• [Action item]: Transcribe every entry word for word, but skip the images.

• [Provided material]:
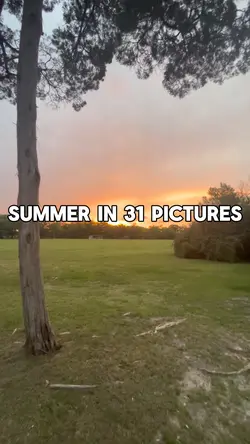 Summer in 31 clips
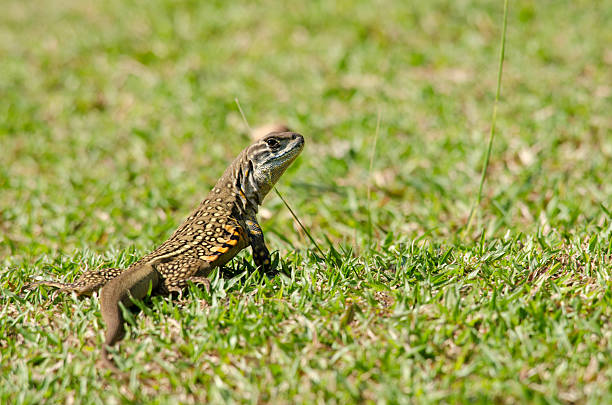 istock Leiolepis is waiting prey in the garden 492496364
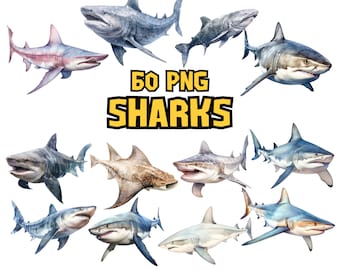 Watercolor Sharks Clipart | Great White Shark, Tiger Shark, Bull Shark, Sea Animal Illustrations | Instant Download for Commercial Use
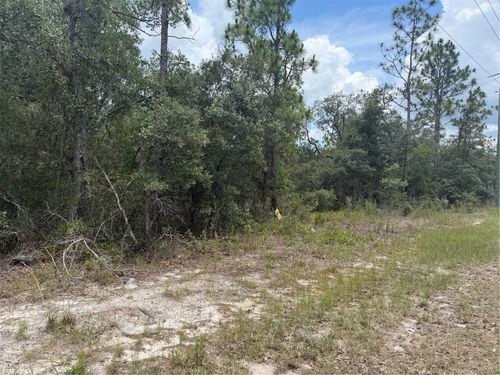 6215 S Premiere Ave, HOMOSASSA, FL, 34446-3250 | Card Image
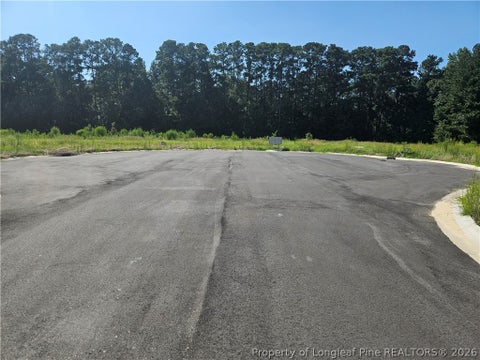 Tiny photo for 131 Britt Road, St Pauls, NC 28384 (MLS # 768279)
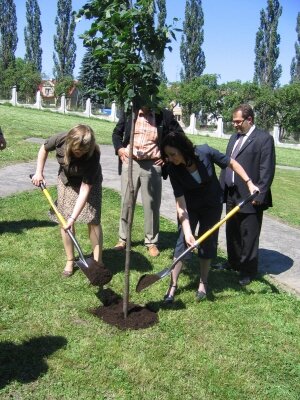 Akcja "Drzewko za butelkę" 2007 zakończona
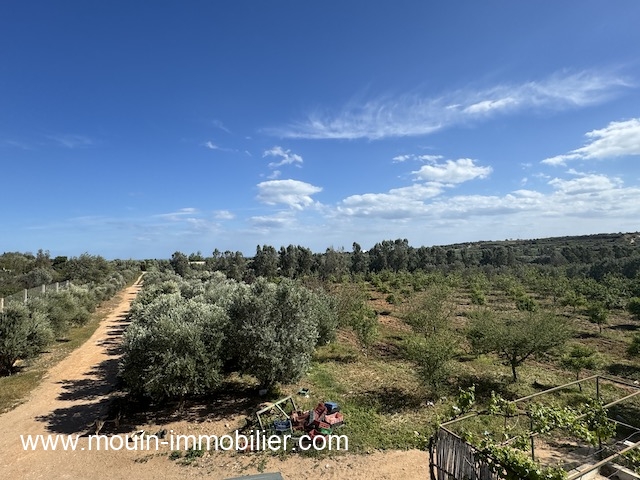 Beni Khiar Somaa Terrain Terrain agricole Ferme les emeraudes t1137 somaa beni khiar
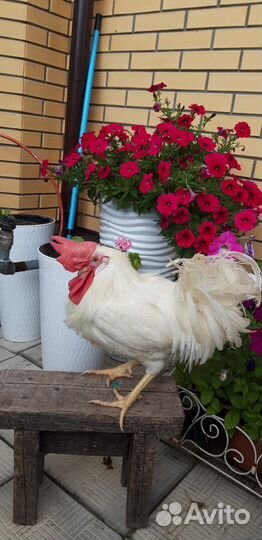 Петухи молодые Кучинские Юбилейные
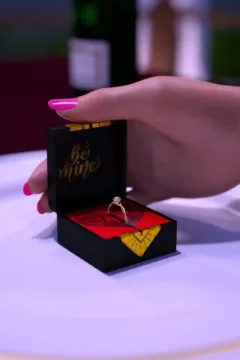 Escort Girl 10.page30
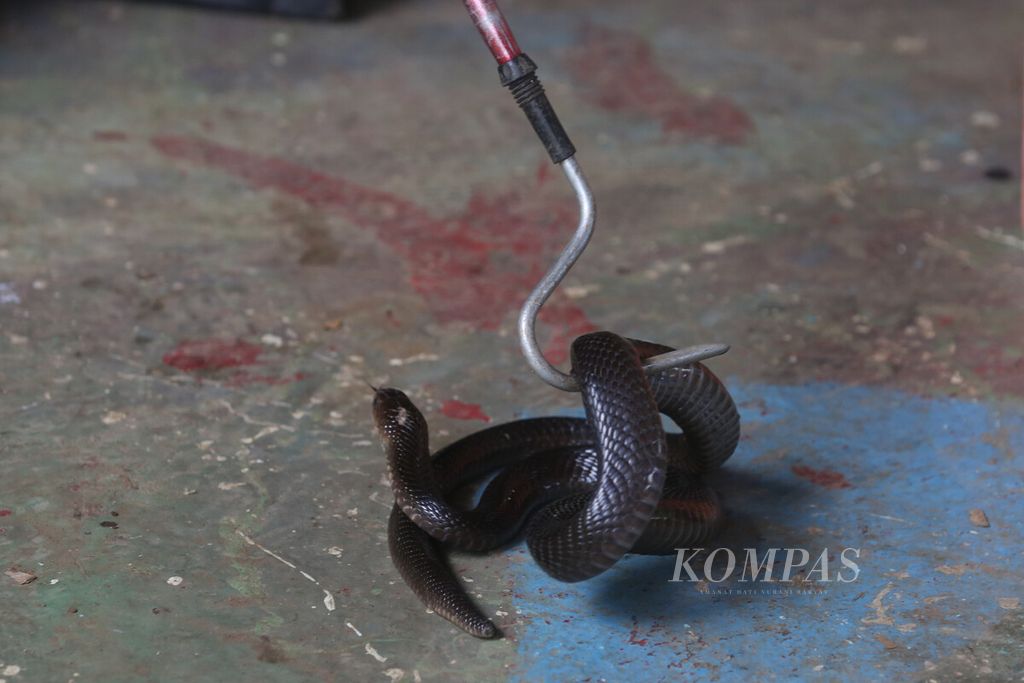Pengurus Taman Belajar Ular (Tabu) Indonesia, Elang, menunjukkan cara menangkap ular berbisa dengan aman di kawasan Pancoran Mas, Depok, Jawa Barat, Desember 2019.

• [Answer]:
 Summer in 31 clips
 istock Leiolepis is waiting prey in the garden 492496364
 Watercolor Sharks Clipart | Great White Shark, Tiger Shark, Bull Shark, Sea Animal Illustrations | Instant Download for Commercial Use
 6215 S Premiere Ave, HOMOSASSA, FL, 34446-3250 | Card Image
 Tiny photo for 131 Britt Road, St Pauls, NC 28384 (MLS # 768279)
 Akcja "Drzewko za butelkę" 2007 zakończona
 Beni Khiar Somaa Terrain Terrain agricole Ferme les emeraudes t1137 somaa beni khiar
 Петухи молодые Кучинские Юбилейные
 Escort Girl 10.page30
Pengurus Taman Belajar Ular (Tabu) Indonesia, Elang, menunjukkan cara menangkap ular berbisa dengan aman di kawasan Pancoran Mas, Depok, Jawa Barat, Desember 2019.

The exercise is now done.